林語笑笑搖搖頭真誠的說:“我也不知道!不過我暫時還真不想跟你和離。”

肖正軒知道她現在只是同情他,可是這種溫情是他畢生所求的東西,也許不能一生擁有,可是哪怕是能擁有一天也是好的。

他知道自己有點自私,可是就是舍不得這半點的溫情,于是他提出條件說:“林語,看在我幫你的份上,就和我一塊生活半年可以不?半年之後,我放你自由!”

林語不解的問:“為什麽?”

肖正軒沒有回答她為什麽,而是掏出袖子裏早已寫好的和離書遞給她說:“我知道你嫁給我是為了解決你嬷嬷的麻煩,其實我也配不上你。這是你想要的和離書,半年後由你決定去留。”

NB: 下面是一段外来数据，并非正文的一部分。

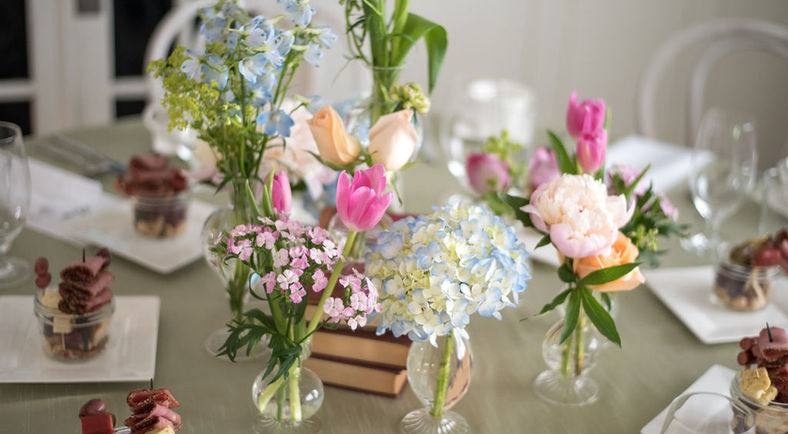 mini vases with flowers on table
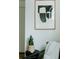 Cozy reading nook featuring modern art, a snake plant, a warm throw, and stylish decor at 1601 Park Ave # 214, Denver, CO 80218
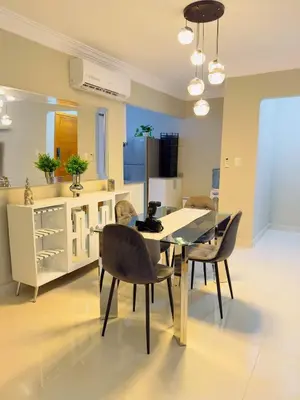 a kitchen with a dining room table and chairs at Excelente Apartamento Completo Renta Carro Disponible in La Viva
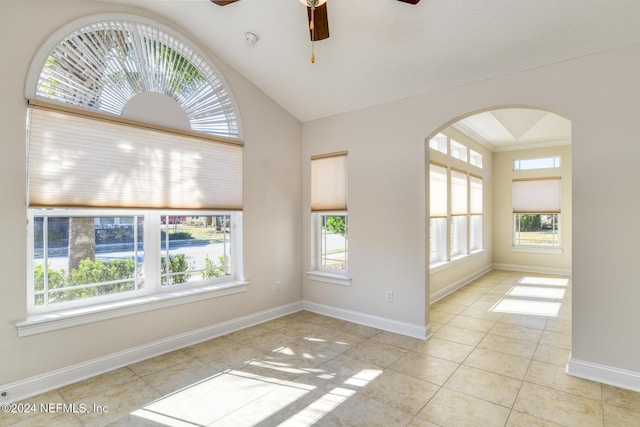 unfurnished room featuring ceiling fan and light tile patterned floors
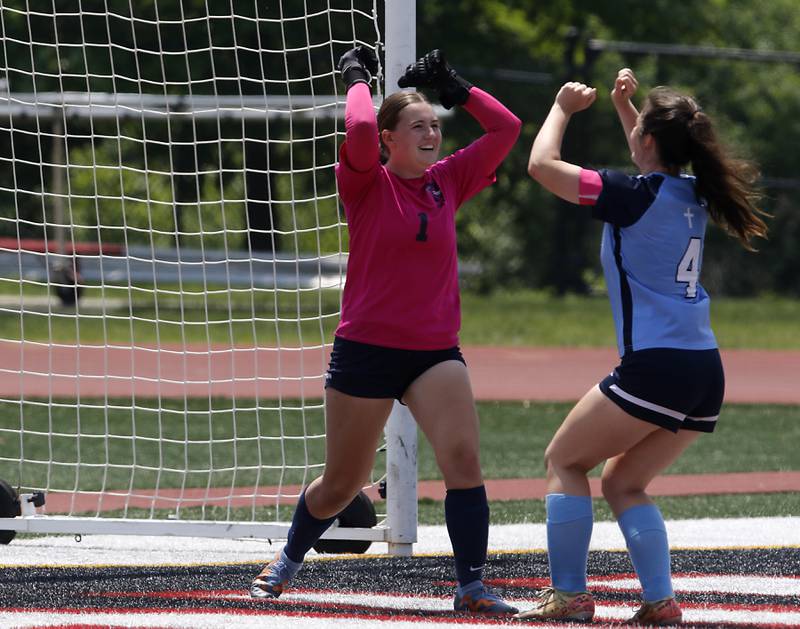 Nazareth Academy's Ana Djurasovic celebrates stoping a shot on goal with her teammate, Izzy Strnic, during a IHSA Class 2A State Girls Soccer semifinal match on Friday, June 6, 2025, at North Central College in Naperville.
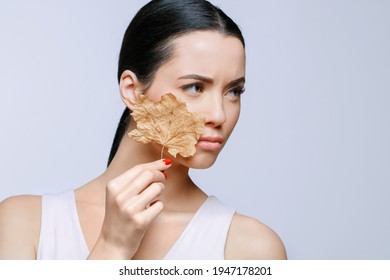 Portrait Of Young Beautiful Woman Suffering The Dryness On Skin, Holds Dry Leaf.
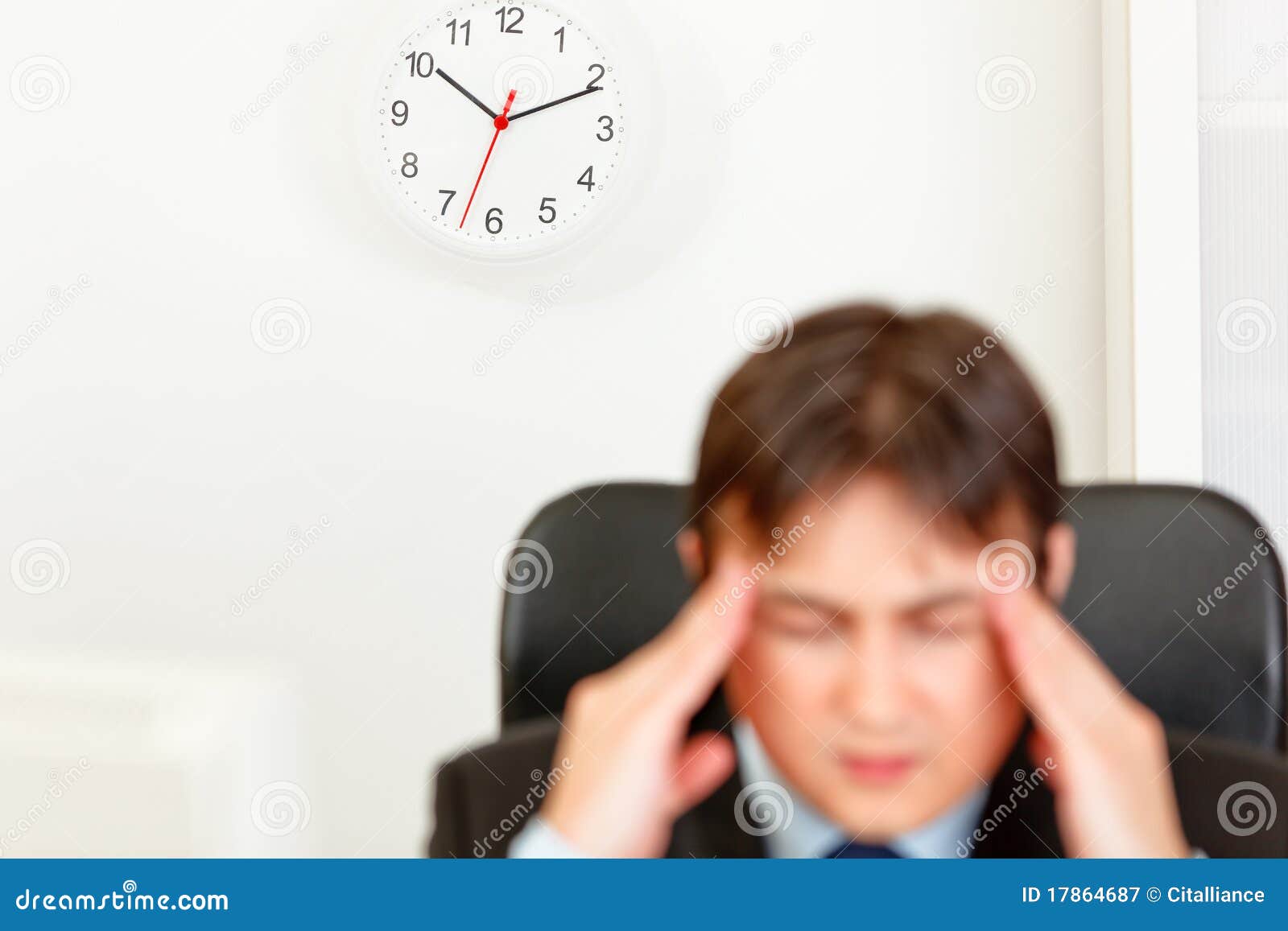 stressed businessman aware of approaching deadline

林語接過和離書心中有點悶悶的問:“肖二哥,你說有我們這樣的新婚夫妻麽?成親的酒席被親娘帶人來吵鬧散了,人生都說洞房花燭夜金榜提名時,而我們在這美好的一夜裏,談的第一件事竟是和離!你說是算不算是創新?肖二哥,和離你會吃虧,以後要成親就會更難了!還是按我們當時約定的你休了我吧。”

聽了林語這一大堆的話,肖正軒心中一動想說些什麽,但是他能說什麽呢?好一會他才淡淡的說:“沒事!以後我不會再成親了!林語,以後還是叫我呆子吧!”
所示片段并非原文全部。